Mention of playing ppp is interesting and something we don't hear enough of. So the bad musicians will complain about the tuning whereas the good musicians will respond to the mysterious effect within the music playing it very quietly.
Without television nor radio, nor YouTube as now, entertainment was in the living room, not just entertainment but experience of exploration of emotion. The keys did it and the Schubert Lieder exploited the keys, documenting the music with accompanying words.
Has anyone recorded the Schubert Lieder in unequal temperament yet as the scholarship indicates that it should? I'd like to work on such a project with anyone interested.
Upon suggesting to the Schubert professor that
https://cuislandora.wrlc.org/islandora/object/etd%3A275 was interestiing, his response was to turn his back and not talk to me. Pure willful ignorance abounds and for which with the scholarship available, there is no excuse. There is only a stony silence where intellectually impoverished academics don't want to be shown up as not knowing everything.
If every music college had at least one instrument for students to explore in a good unequal temperament, and every showroom likewise had just one instrument so tuned, no professor would have to admit that they didn't know it all as it would simply be a matter of exploration.

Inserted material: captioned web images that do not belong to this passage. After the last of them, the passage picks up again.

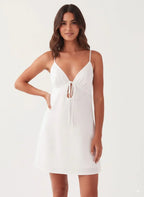Tie-Front Mini Cami Dress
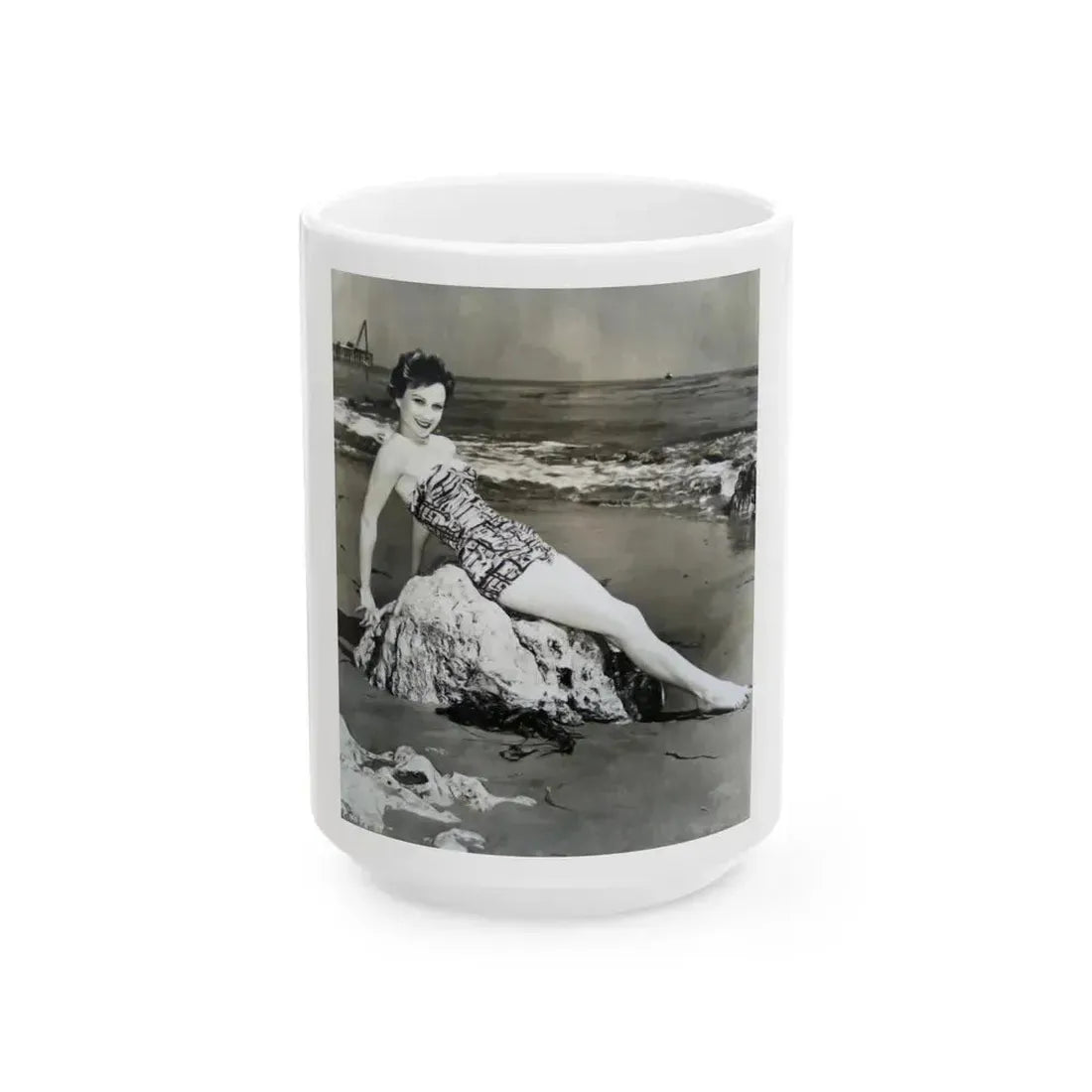 Carol Ohmart #09 (Vintage Female Icon) White Coffee Mug 15oz - Go Mug Yourself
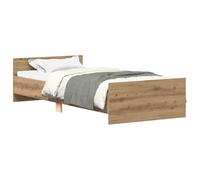 vidaXL Cadre de lit sans Matelas chêne Artisanal 90x190 cm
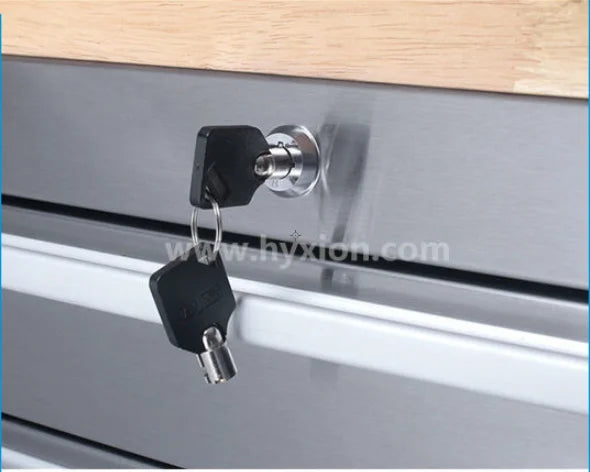 72" Tool Chest With Wooden Top Workbench Kraftwelle Tool
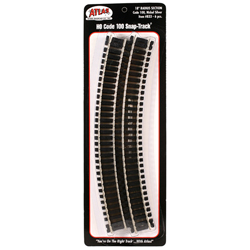 HO Code 100 18" Radius Curve (6)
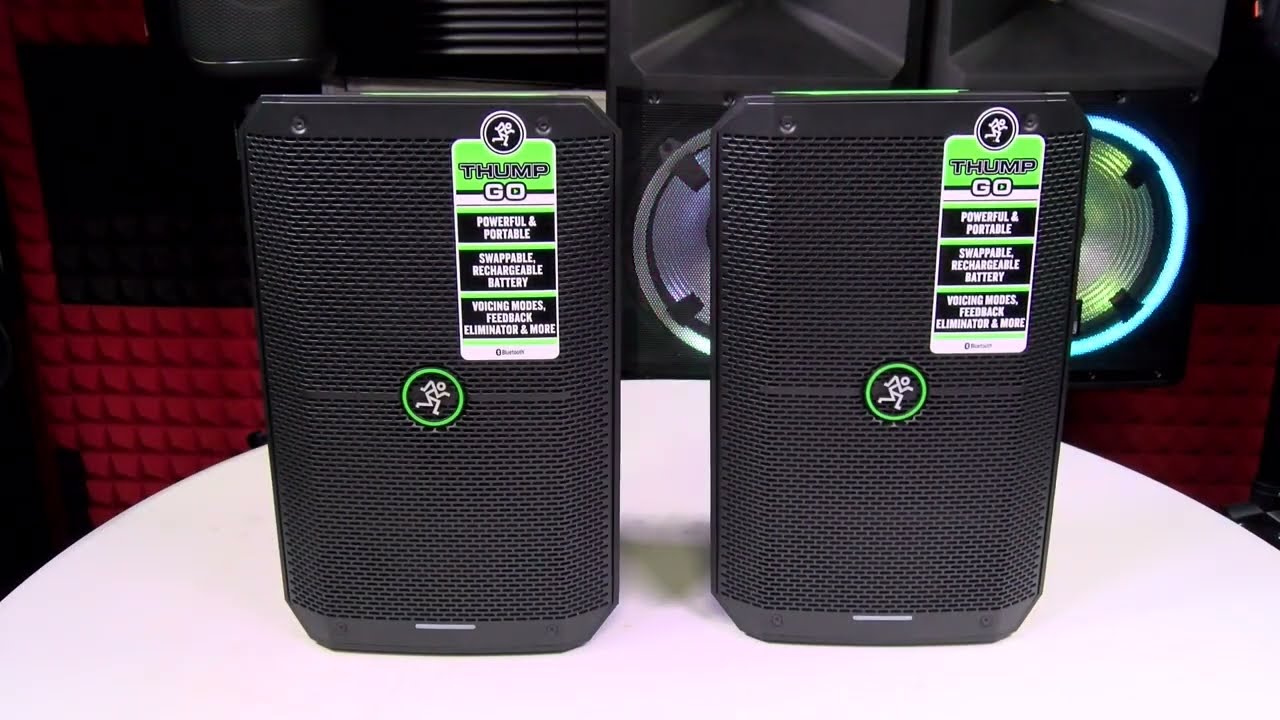 Mackie Thump Thump GO 8-Inch Portable Battery-Powered Loudspeaker
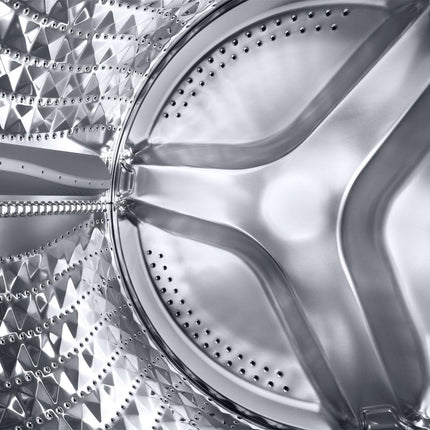 Samsung 8 kg, 5 star, Eco Bubble Technology, AI Control, Wi-Fi, Digital Inverter, Motor, Fully-Automatic Front Load Washing Machine (WW80T504DAX1TL, Hygiene Steam, Inox) 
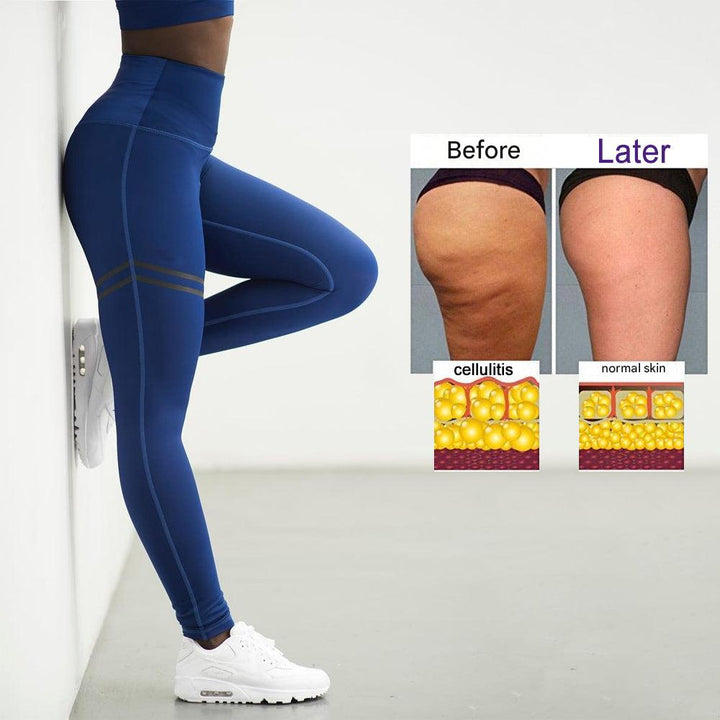 Anti-Cellulite Compression Leggings for Women - SculptFit-Black-S-The Livary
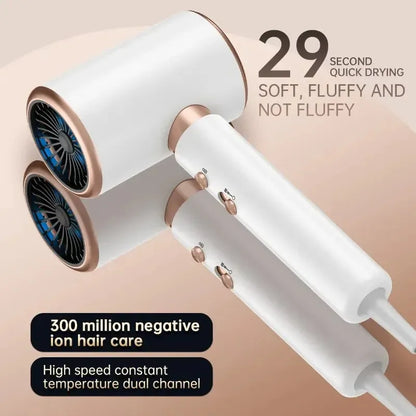 Xiaomi MIJIA Hair Dryer High-Speed Electric Turbine Airflow Low Noise Constant Temperature Quick Drying Suitable For Home Salons - Shop & Buy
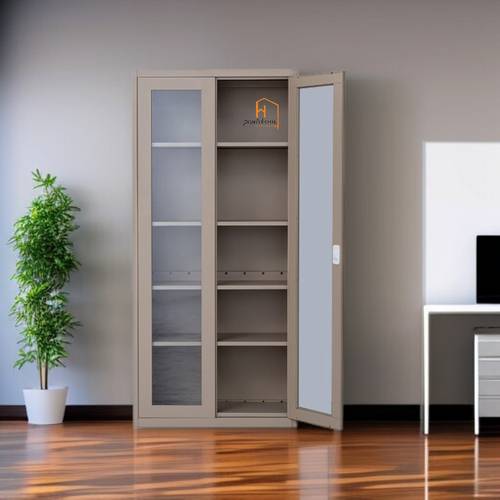 دولاب مكتبى حديد - 40×85×180 سم - بيج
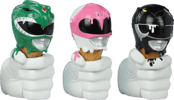 Green, Black and Pink Power Rangers Scoops Set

It's more than about key colour. The influence of tuning on performance is profound. The sustain pedal is used commonly as a loud pedal, the pedal being worked as that of a kick drum - and rarely as proper sustain. The quote above relating to A flat major referred to playing it ppp . . . And the clues to that are in the sound, if the performer is listening, not the words that explain. Music is experience, not words, and it's our purpose as techs to enable the opening up of that world.
Use of sustain contrasting with most modern players is documented
and it's extremely difficult to persuade the modern music-college-taught pianist to break from their mere Loud Pedal pedalling technique.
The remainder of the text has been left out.